A Palestina mostra que o imperialismo não mudou. O uso da força mais brutal desempenhou sempre um papel central na sua tentativa de dominação planetária. Vale a pena recordá-lo, porque nas últimas décadas houve quem – proclamando-se de esquerda ou progressista – nos tentasse convencer que as potências imperialistas eram agora poços de virtudes e valores democráticos. E que as guerras das potências imperialistas não deviam ser condenadas ou combatidas. Invocando argumentos «democráticos», «humanitários», «de esquerda», fizeram coro com as mentiras da comunicação social ao serviço do imperialismo, ajudando a abrir-lhes caminho. Quem apontava a verdadeira natureza do imperialismo era por eles tachado de «apologista», «anti-imperialista tolo», ou coisas piores.

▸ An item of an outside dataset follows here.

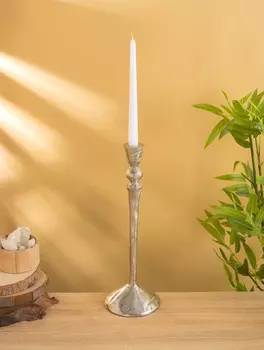Подсвечник «Вормик», 39 см, алюминий, серебро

Vale a pena perguntar quando é que as potências – e as classes e interesses económicos – responsáveis pela colonização do planeta e pelos crimes monstruosos de Hiroxima, Vietname, Argélia e tantos outros países, teriam mudado de essência? Ou será que a reciclagem foi outra?

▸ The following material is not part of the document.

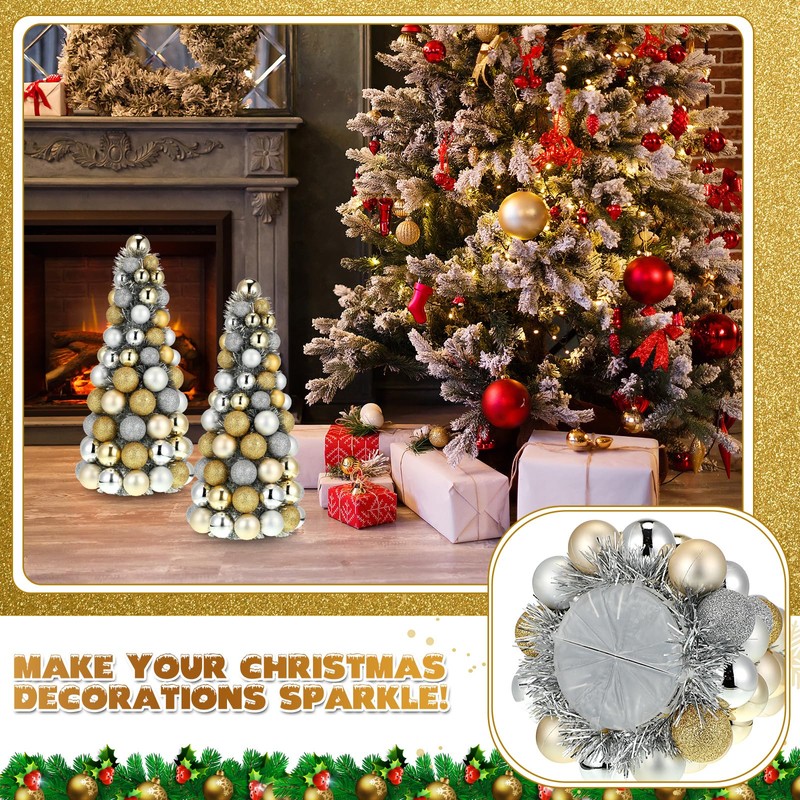 Meooeck 2 Pcs Christmas Ball Tree with Lights 16 Inch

Nos anos 80 um novo partido lançou raízes na Alemanha Ocidental, os Verdes, assente no combate ao militarismo, aos mísseis dos EUA na Europa, à energia nuclear. Em 1999 estava no poder, através do ministro dos Negócios Estrangeiros, Joschka Fischer. Abriu caminho ao regresso da guerra à Europa, com a agressão da NATO à Jugoslávia e o imparável alargamento da NATO para Leste. Os Verdes são hoje na Alemanha o partido mais militarista e pró-ditadura mundial dos EUA. Agora, ganhando a vida como «consultor e lobbyista», Fischer defende em entrevista à versão online do jornal Die Zeit que a UE se venha a dotar de armas nucleares (spiegel.de, 3.12.23). Do Atomkraft, nein danke (energia nuclear, não obrigado) dos anos 80 passou para o Atomkrieg, ja bitte (guerra nuclear, sim se faz favor).


Mas a culpa, diz-nos o colaboracionista das guerras e da NATO, é de Putin. Sendo a Alemanha um dos países que mais ferozmente persegue e reprime a solidariedade com o povo palestiniano, isso também é culpa de Putin? É Fischer que diz: «Não devemos deixar qualquer dúvida de que apoiamos o Estado de Israel.» O amor ao militarismo de Fischer não se fica pelas armas nucleares. Defende os investimentos governamentais em armas convencionais, mas afirma que isso não será possível «com limites de endividamento e orçamentos equilibrados». Lembram-se da troika e do «não há dinheiro»? Afinal há. Se for para a guerra. E para financiar as carreiras lucrativas de quem a defende, seja qual for a sua roupagem.

Já dizia John Lennon, na canção Herói da classe operária: «há lugares no topo, garantem-te sempre; mas primeiro tens de aprender a sorrir enquanto matas».